Forwarded from a friend, an Air Force transport pilot responds to a kid who wants to know how to become a fighter pilot.
I really enjoy this kind of grumpy, cynical military humor. Not sure why.
Obviously, through no fault of your own, your young, impressionable brain has been poisoned by the superfluous, hyped-up, “Top Gun” media portrayal of fighter pilots.
Unfortunately, this portrayal could not be further from the truth. In my experience, I’ve found most fighter pilots pompous, back-stabbing, momma’s boys with inferiority complexes, as well as being extremely over-rated aeronautically.

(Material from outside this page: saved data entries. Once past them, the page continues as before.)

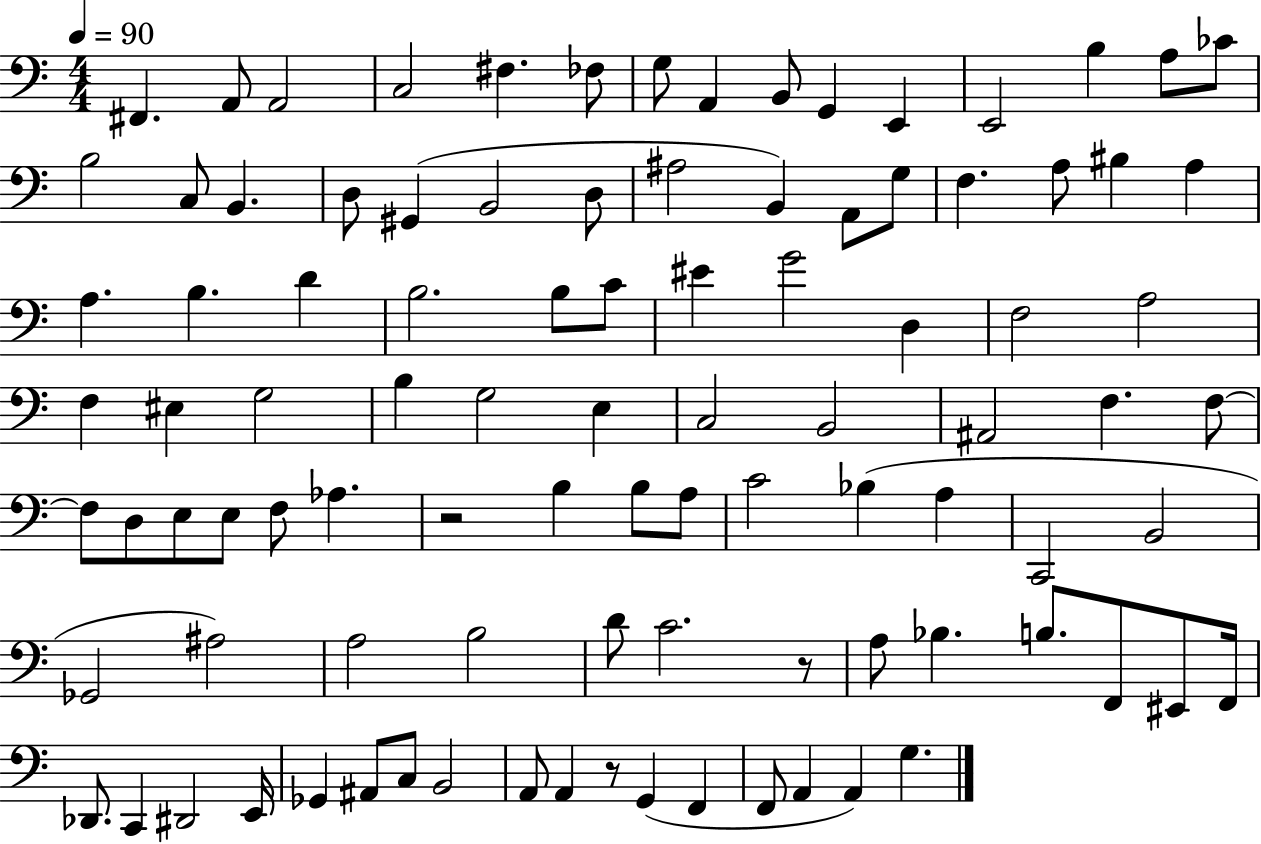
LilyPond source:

{
  \clef bass
  \numericTimeSignature
  \time 4/4
  \key c \major
  \tempo 4 = 90
  fis,4. a,8 a,2 | c2 fis4. fes8 | g8 a,4 b,8 g,4 e,4 | e,2 b4 a8 ces'8 | \break b2 c8 b,4. | d8 gis,4( b,2 d8 | ais2 b,4) a,8 g8 | f4. a8 bis4 a4 | \break a4. b4. d'4 | b2. b8 c'8 | eis'4 g'2 d4 | f2 a2 | \break f4 eis4 g2 | b4 g2 e4 | c2 b,2 | ais,2 f4. f8~~ | \break f8 d8 e8 e8 f8 aes4. | r2 b4 b8 a8 | c'2 bes4( a4 | c,2 b,2 | \break ges,2 ais2) | a2 b2 | d'8 c'2. r8 | a8 bes4. b8. f,8 eis,8 f,16 | \break des,8. c,4 dis,2 e,16 | ges,4 ais,8 c8 b,2 | a,8 a,4 r8 g,4( f,4 | f,8 a,4 a,4) g4. | \break \bar "|."
}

However, rather than dash your budding dreams of becoming a USAF pilot, I offer the following alternative:
What you REALLY want to aspire to is the exciting, challenging, and rewarding world of TACTICAL AIRLIFT. And this, young DJ, means one thing….the venerable, workhorse, THE C-130!
I can guarantee no fighter pilot can brag that he has led a 12-ship formation down a valley at 300 ft above the ground, while trying to interpret a 9-line to a new DZ, avoiding pop-up threats, and coordinating with AWACS, all while eating a box lunch, with the engineer in the back taking a piss and the navigator puking in his trash can! I tell you, DJ, TAC Airlift is where it’s at!

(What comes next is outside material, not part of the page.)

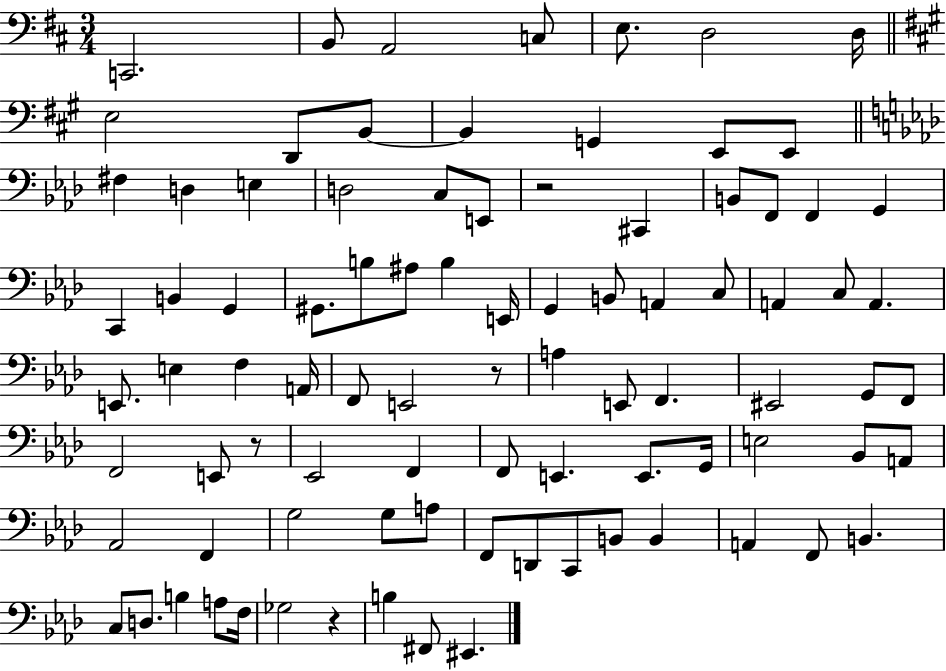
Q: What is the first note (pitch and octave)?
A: C2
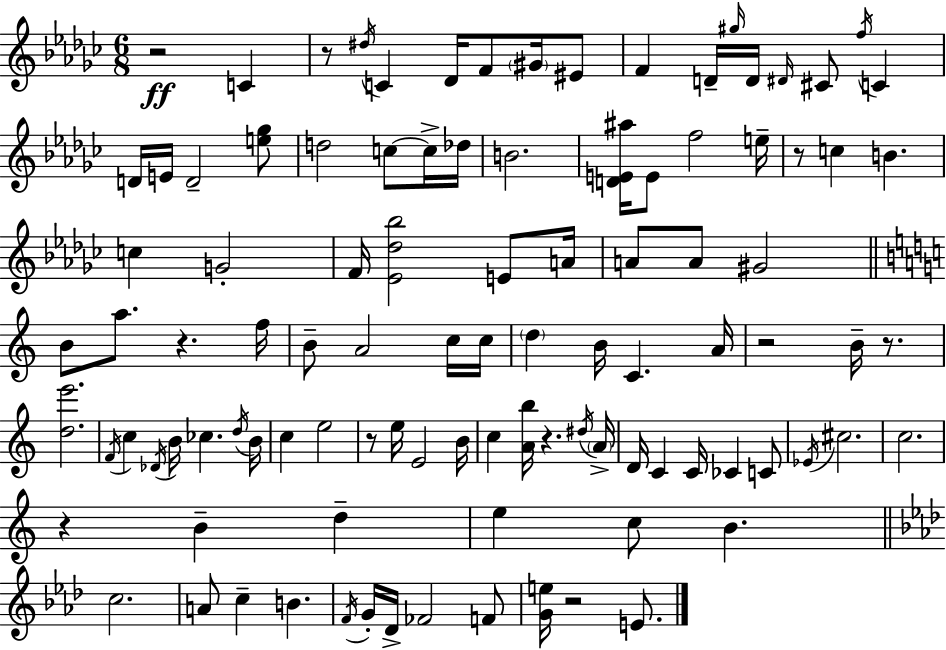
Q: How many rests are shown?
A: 10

Where else is it legal to throw tanks, HMVees, and other crap out the back of an airplane, and not even worry about it when the chute doesn’t open and it torpedoes the General’s staff car! No where else can you land on a 3000′ dirt strip, kick a bunch of ammo and stuff off the ramp without even stopping, then take off again before range control can call to tell you you’ve landed on the wrong LZ!
The rest cut because unfunny and lame.